Wednesday, February 26, 2014

How similar are two words? Or two formulas?

The problem

Consider the word "John". How similar is it to "Jon", "Johan", and "on"?

This of course depends on precisely what we mean by similar. But we have an intuition that "John" and "Jon" should be more similar than say "John" and "Table". In particular, "similarity" should have something to do with the occurrence of same characters, as well the order in which they occur. But can we make this idea precise?

The Solution

Yes, we can make this idea precise. The key is to consider how many edits would be necessary to transform one word into another:
To go from "John" to "Jon", simply remove the "h". (Or conversely, start with "Jon" and add an "h".)
To go from "John" to "Johan", add an "a". (Or start with "Johan" and remove "a".)
To go from "John" to "on", remove the "J" and the "h". (Or start with "on" and add "J" and "h".)

Thus it requires one edit between "John" and "Jon", and likewise for "John" to "Johan", but two edits between "John" and "on". Clearly the fewer edits the more similar to words are. In particular, a word has zero edit distance to itself, and only to itself, so it is most similar to itself.

Here we have assumed that an edit is a removal or addition. Given two words of length N and M, in the worst case we have to remove all N letters and then add all M, giving an edit distance of N+M. This happens precisely when all letters are distinct, so nothing can be reused: "John" and "Strawberry" has edit distance 4+10=14 since they share no letters in common.

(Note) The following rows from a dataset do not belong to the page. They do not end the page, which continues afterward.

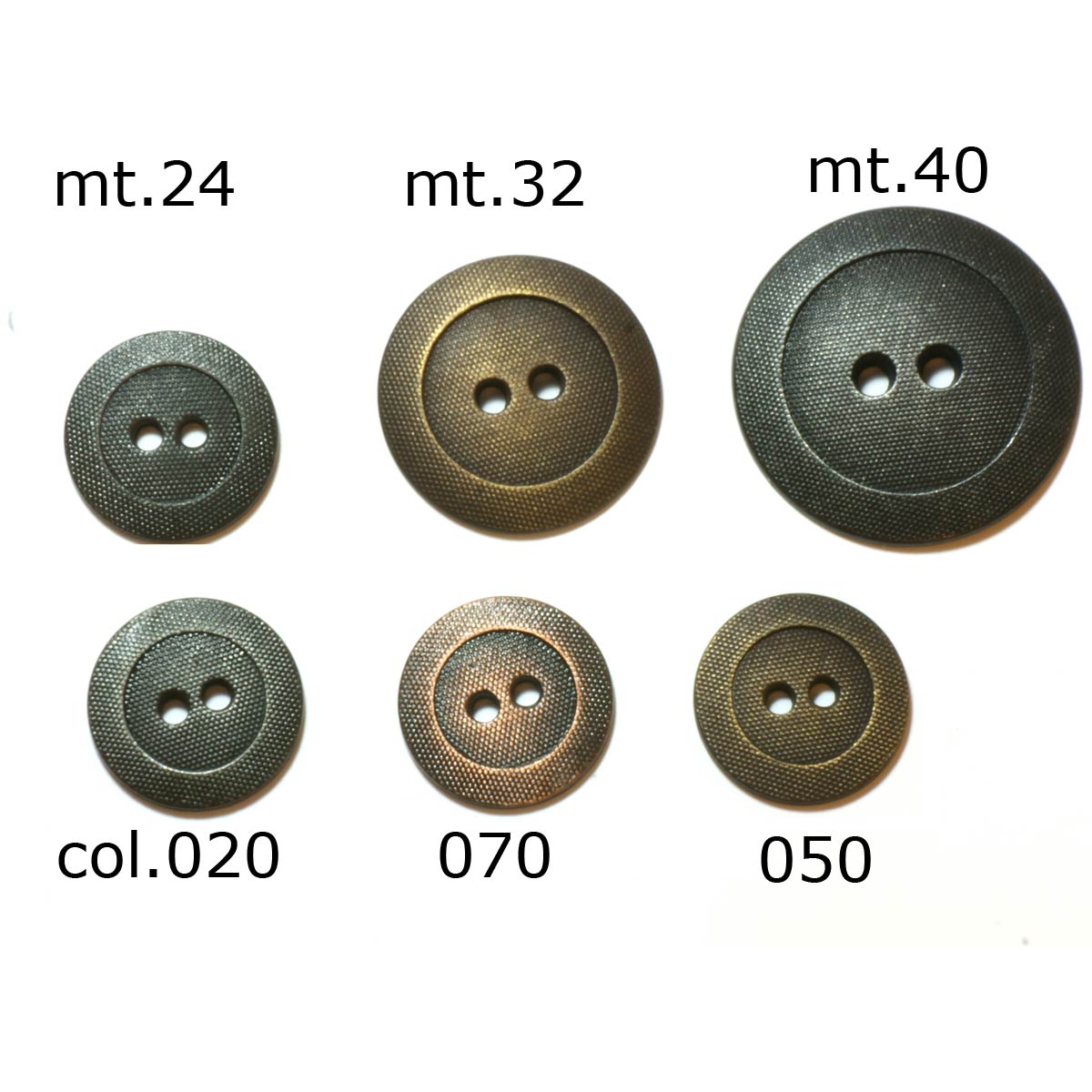 Restyle 007.81306.24 Metalen knopen 2 gaats 15 mm - Kleur 050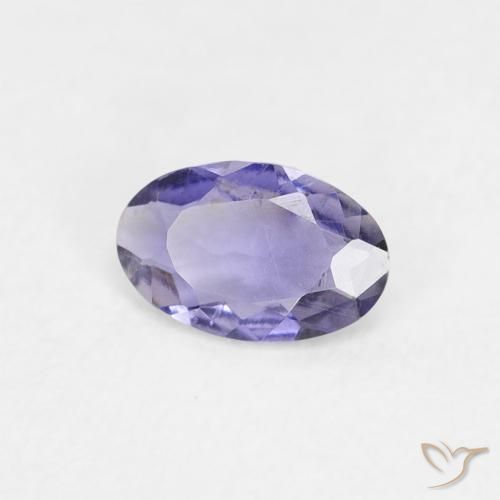 0.27 ct Violet Iolite Stone, Natural Iolite in Oval Facet Shape for Sale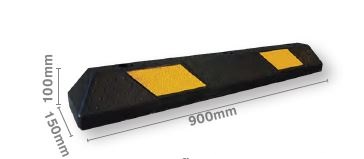 Butée de parking en caoutchouc pour camions - 900mmx150mmx100mm - réf BPARK90NJ_0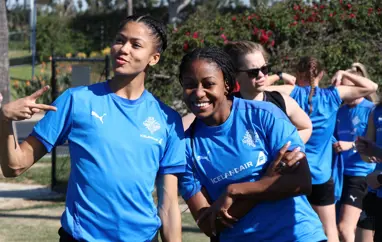 A landslið kvenna komið til Bandaríkjanna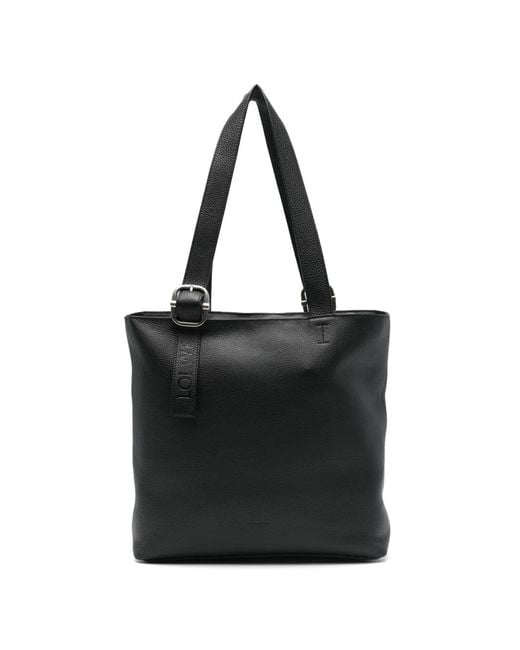 Loewe Black Loop Buckle-Detail Tote Bag for men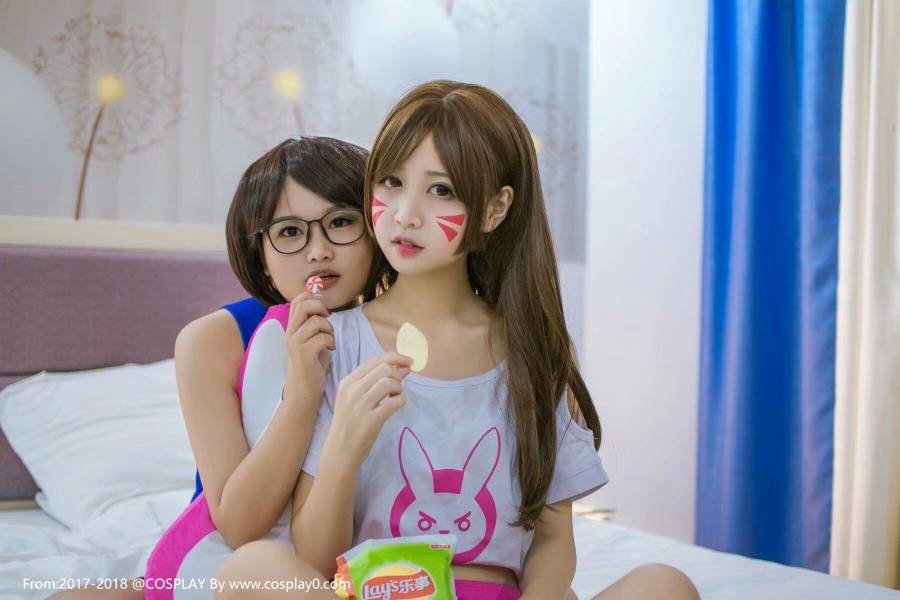 Cosplay福利/绝对领域萌芽儿Cosplayd.va美妈同人日常萝莉足控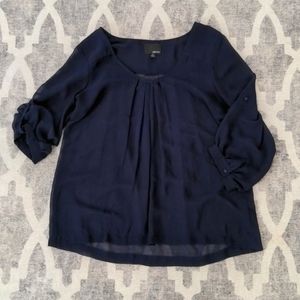 Greylin Sheer 3/4 Sleeve Blouse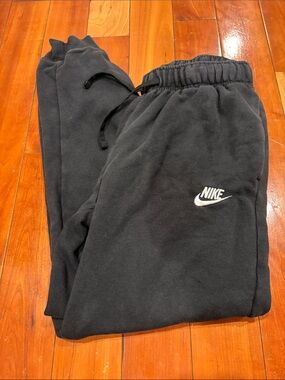 Nike Black Sweatpants with White Swoosh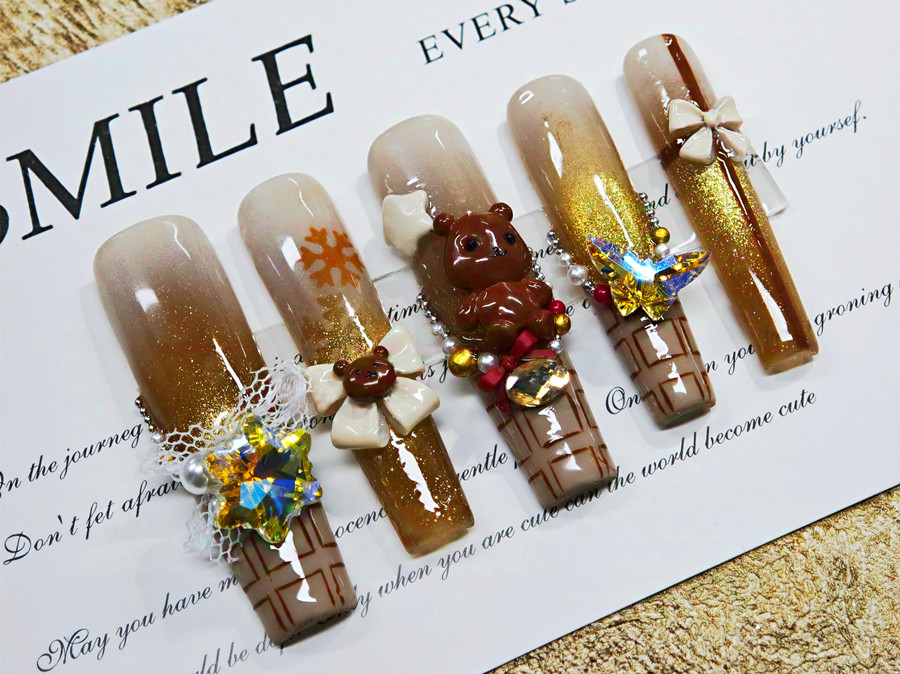 巧克力熊美甲，廣西美甲學徒熱門款推薦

We could also consider other operations, such as swapping a letter for another. Thus the edit distance from "John" to "Joan" is one edit (swap "h" for "a") instead of two (remove "h", add "a"). Then the maximum edit distance between two words of length N and M is max(N,M), since we can always swap the first min(N,M) letters and then add the remaining max(N,M)-min(N,M). For example, from "John" to "Strawberry", start by swapping "J" to "S", "o" to "t", "h" to "r", and "n" to "a", giving "John" -> "Stra", then add the remainder of the word, "wberry", for a total of 10 edits.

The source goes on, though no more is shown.